Jurisdictions where procedurally a partnership cause of action can be enforced by suit in the partnership name provide a dearth of authority to guide decision of the specific problem here. But see Rosen v. Texas Co., D.C.S.D.N.Y. 1958, 161 F.Supp. 55, 59; Henson v. First Security & Loan Co., 1931, 164 Wash. 198, 2 P.2d 85, 86. However it can be postulated with some certainty that it is not the policy of our national antitrust laws to discourage private treble damage actions such as this. To the contrary, “Congress itself has placed the private antitrust litigant in a most favorable position through the enactment of § 5 of the Clayton Act. * * * In the face of such a policy this Court should not add requirements to burden the private litigant beyond what is specifically set forth by Congress in those laws.” Radovich v. National Football League, 1957, 352 U.S. 445, 454, 77 S.Ct. 390, 395, 1 L.Ed.2d 456; see United States v. National City Lines, Inc., 1948, 334 U.S. 573, 68 S.Ct. 1169, 92 L.Ed. 1584; Flintkote Co. v. Lysfjord, 9 Cir., 246 F.2d 368, 398, certiorari denied, 1957, 355 U.S. 835, 78 S.Ct. 54, 2 L.Ed.2d 46.
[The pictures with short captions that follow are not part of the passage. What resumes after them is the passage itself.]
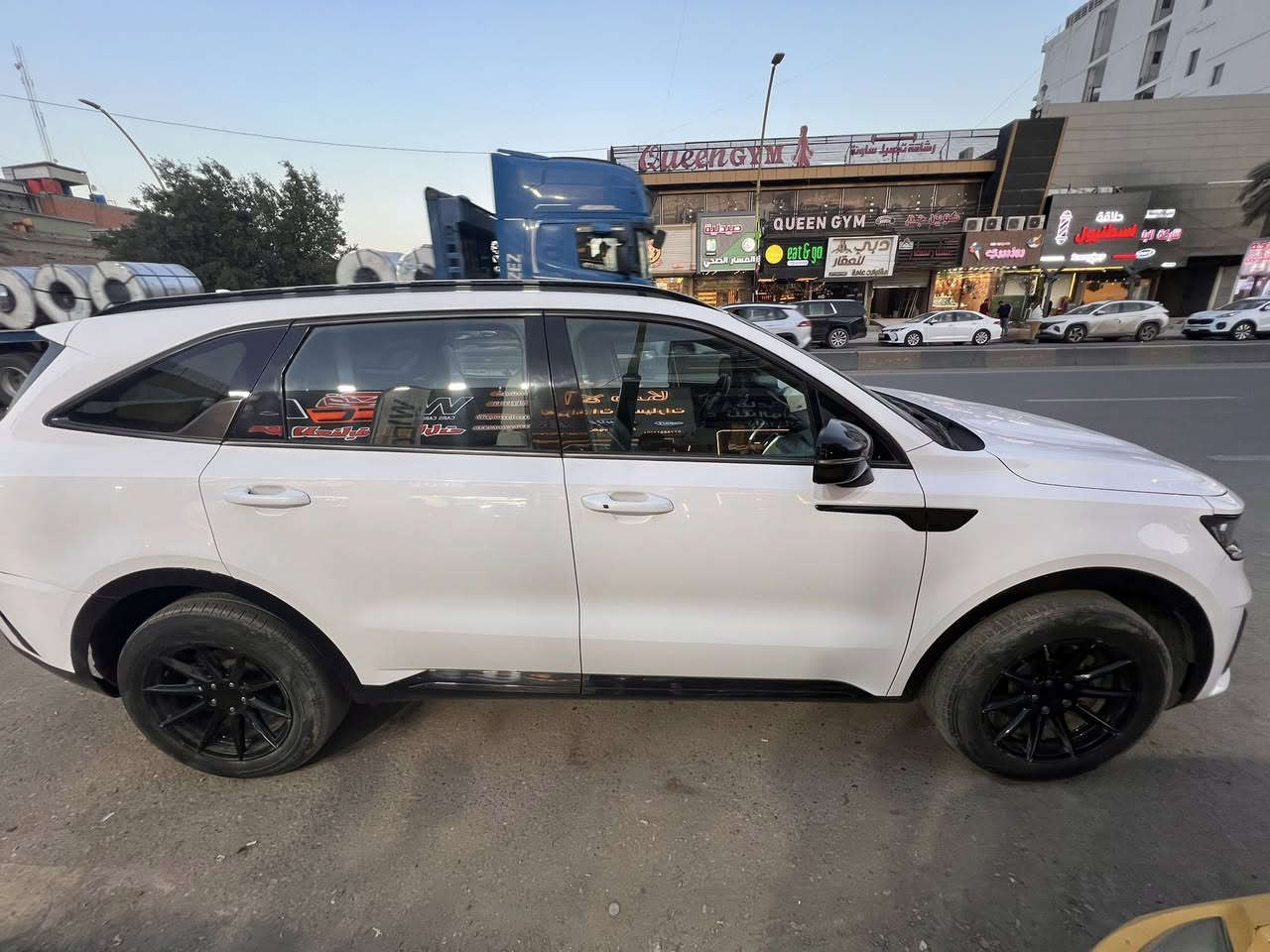 سورنتو 2022EX
فول مواصفات 
وارد امريكي
بونراما
كشنات VAP
كشنات كهربائيه
ماشيه 72الف
السعر 250
***********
Furthermore, it is difficult to perceive how defendants can suffer any prejudice by allowing this action to proceed on the partnership claim asserted in the partnership name, even though one of the partners has not authorized the suit. The partnership will be bound by the act of the single partner in bringing suit and any recovery will discharge the partnership’s claim against defendants. On the other hand, if defendants prevail with a judgment for costs, that judgment will bind the partnership assets and at the very least the assets of the individual partner who has caused the action to be brought.
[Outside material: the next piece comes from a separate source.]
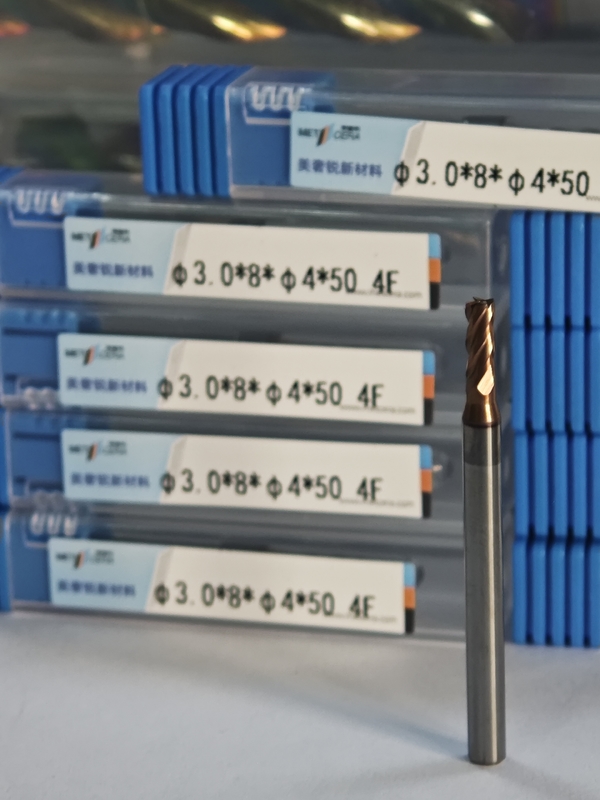 MPE4 Lớp phủ AlCr Lớp phủ HRC55-60 Máy cắt mài carbure rắn 4 Flute Flat End Mill 3mm φ3.0 x 8 x φ4 x 50mm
These considerations and the “public interest in vigilant enforcement of the antitrust laws through the instrumentality of the private treble-damage action” [Lawlor v. National Screen Service Corp., 1955, 349 U.S. 322, 329 75 S. Ct. 865, 869, 99 L.Ed. 1122; Karseal Corp. v. Richfield Oil Corp., 9 Cir., 1955, 221 F.2d 358, 365; United States v. Standard Ultramarine and Color Co., D.C.S.D.N.Y.1955, 137 F.Supp. 167, 171], compel the holding that prosecution of an action for treble damages for claimed injuries to the business of a partnership allegedly caused by violations of the Federal antitrust laws is an “act appropriate for winding up partnership affairs” [West’s Ann.Cal.Corp.Code, § 15035], so that one partner of a dissolved partnership in the process of winding up may prosecute such an action in the partnership name [Fed.R.Civ.P. 17(b)] in the Federal court. [Cf. Fielding v. Allen, 2d Cir., 181 F.2d 163, certiorari denied, 1950, Ogden Corp. v. Fielding, 340 U.S. 817, 71 S.Ct. 46, 95 L.Ed. 600].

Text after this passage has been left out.